Quand Wolinski-1 s’adresse à Wolinski-2, cela donne par exemple :
Moi, j’ai besoin d’argent pour vivre. Vous, c’est pour votre niveau de vie !
Pas mal cette formule, je la note.
Ou bien :
Je ne sais pas si j’aurais aimé avoir un père comme vous.
Moi, je sais que j’aurais pas aimé avoir un fils comme toi.

(A rapprocher d’un dessin représentant une jeune femme qui, véritable modèle réduit de sa mère, à laquelle elle emboîte le pas, lui lance : « Si j’ai une fille, j’espère qu’elle ne sera pas comme toi ! » Il n’y a plus d’homme, p. 44.)

Et encore :
J’ai essayé de t’aider. Mais tu étais si nul !
Ma nullité c’est ma force. C’est elle que j’ai vendue dans mes dessins.
Tu ne t’es pas mal démerdé. Mais tu n’es pas celui que j’ai voulu être… Tu t’es moqué férocement des hommes que tu enviais secrètement. Les patrons, les puissants, les meneurs d’hommes, les héros, les beaux parleurs !
— C’est ça que tu aurais voulu être ! Je préfère être humoriste.
— Un humoriste c’est un homme qui fait rire de ses insuffisances.

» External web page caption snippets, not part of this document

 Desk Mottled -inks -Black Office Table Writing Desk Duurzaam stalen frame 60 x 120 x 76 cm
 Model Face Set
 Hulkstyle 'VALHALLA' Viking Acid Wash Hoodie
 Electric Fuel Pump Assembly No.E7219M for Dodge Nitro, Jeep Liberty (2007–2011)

En livrant au public le journal de ses vingt ans, Wolinski a, dit-il, le sentiment de « tuer sa jeunesse » (Tout va trop vite, p. 49). Pourtant, il révèle aussi combien il est resté fidèle à lui-même. D’abord en ceci qu’aujourd’hui, hier, avant-hier, il n’a toujours « pensé qu’à ça ». Mais également en cultivant cette propension à se mettre à distance, à faire de soi un sujet d’observation, de méditation. Le 8 octobre 1953, n’écrivait-il pas déjà dans son journal : « Au fond, j’ai une certaine affectation pour moi. Je m’intéresse. Il y a des moments où je me regarde vivre comme on regarderait vivre un autre, avec une sympathie amusée. » L’hypothèse du dédoublement était déjà posée.

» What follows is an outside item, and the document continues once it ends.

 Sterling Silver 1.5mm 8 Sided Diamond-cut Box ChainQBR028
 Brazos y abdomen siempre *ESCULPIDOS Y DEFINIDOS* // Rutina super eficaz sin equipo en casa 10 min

L’une des qualités premières de Georges Wolinski est la lucidité. Mais sa stratégie favorite consiste à la dissimuler dans des mises en scène caractérisées par l’ambivalence. Entre le petit con d’hier et le vieux salaud de maintenant, Wolinski orchestre des duos savoureux dans lesquels il n’y a pas de vainqueur. S’il y a une morale à en tirer, elle serait à la Sempé : Rien n’est simple. Wolinski est un sophiste, un schizophrène. Il épouse alternativement les deux points de vue, montre que chacun a ses raisons et porte sur l’un et l’autre de ses alter ego le même regard à la fois tendre et rude, apitoyé et rigolard. Tout ce qui relève de l’autobiographie dans son œuvre est à prendre comme une improbable synthèse d’innocence, d’impudeur et de rouerie.

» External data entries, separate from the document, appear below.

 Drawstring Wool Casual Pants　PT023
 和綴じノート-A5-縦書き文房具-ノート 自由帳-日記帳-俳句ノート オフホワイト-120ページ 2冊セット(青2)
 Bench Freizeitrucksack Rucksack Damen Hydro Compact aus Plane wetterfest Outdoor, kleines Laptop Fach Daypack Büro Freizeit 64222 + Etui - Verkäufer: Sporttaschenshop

Il a toujours été comme ça, Wolinski, il s’est toujours vautré dans le confort de l’ambiguïté. Capable de dessiner des scènes de sexe qui seraient classées X si elles étaient filmées, tout en posant au vieux mâle romantique. Livrant au public, gros plans à l’appui, des épisodes croustillants de sa vie sexuelle mais restant muet sur sa vie conjugale (on reconnaît Maryse dans ses dessins à son allure toujours juvénile et ses robes courtes). Travaillant pour L’Humanité, pour Charlie hebdo, mais aussi à Paris Match et à L’Express.

Quand il feint de s’interroger : « Et surtout, comment faire pour que les autres croient qu’on est celui qu’on avait envie d’être, et non pas celui qu’on est devenu ? », il essaie de se faire passer pour un homme préoccupé de son image, de sa réputation. Mais si un jour doit être instruit le procès public de Wolinski, il n’y aura qu’à le relire pour trouver, dans ses propres pages, tout ce qu’il faut pour rédiger à la fois l’acte d’accusation et la plaidoirie de la défense.

Cet article est paru dans le numéro 12 de 9ème Art en janvier 2006.